# Sleep and Dreams > General Dream Discussion > Dream Interpretation >  >  david beckham

## ro-55

hi i had a dream that david beckham was my friend, it felt quite real , what does this mean?

----------


## Chameleon

::roll:: 

It means that you and David are buddies in another reality.  He admires your footballing skills and has learnt much from you in the other dimension.  Whilst you might not remember fully your friendship there, he does.  Next time you watch him play football, see if he gives you a secretive wink or nod.  

 ::roll:: 

Cham

----------


## unclesirbob

Well the dream could mean lots of things. It could be about someone like david beckham in real life. A person who is super cool and famous within your life. Possibly not quite as famous but someone intimidating or well dressed. 

Did you meet someone very famous or important the day before? Are you due to meet them today? 

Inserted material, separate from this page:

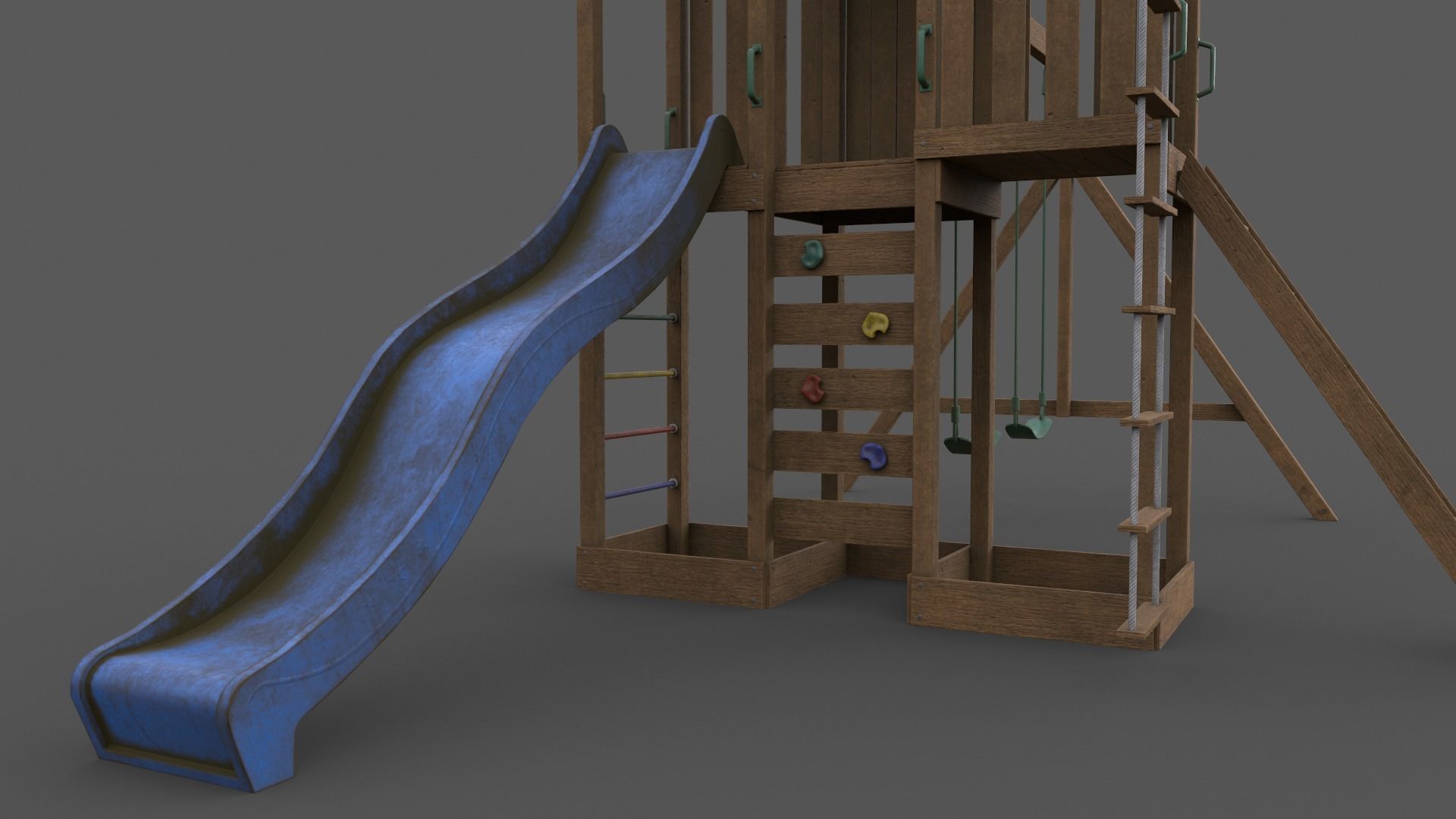 PBR Playground Jungle Gym 06 Low-poly 3D model_27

Ask little questions like that. But reallty dreams can have many meanings. 

------------------------
In order to understand dreams you need to understand neural networks. Neural networks are how the brain stores important information. The dream mind connects to something happening in your life by comparing it to something esle that has previously happened. Inreal life you may feel tired. So a dream connects to that event by comparing it to an event where you felt the same sensations. So your dream mind is saying "I felt as tired as I did when I was moving house".
These pages are especially helpful in showing you how to interpret dreams
http://www.unclesirbobby.org.uk/dreamessayhowtopost.php Interpreting dreams
http://www.unclesirbobby.org.uk/dreamessayhowto.php Triggers for dreams
http://www.unclesirbobby.org.uk/dreamessay.php Dream dictionary
-------------
http://www.scarboroughphotos.org.uk/...s/surfcity.php

----------


## ro-55

thanks for the feedback

----------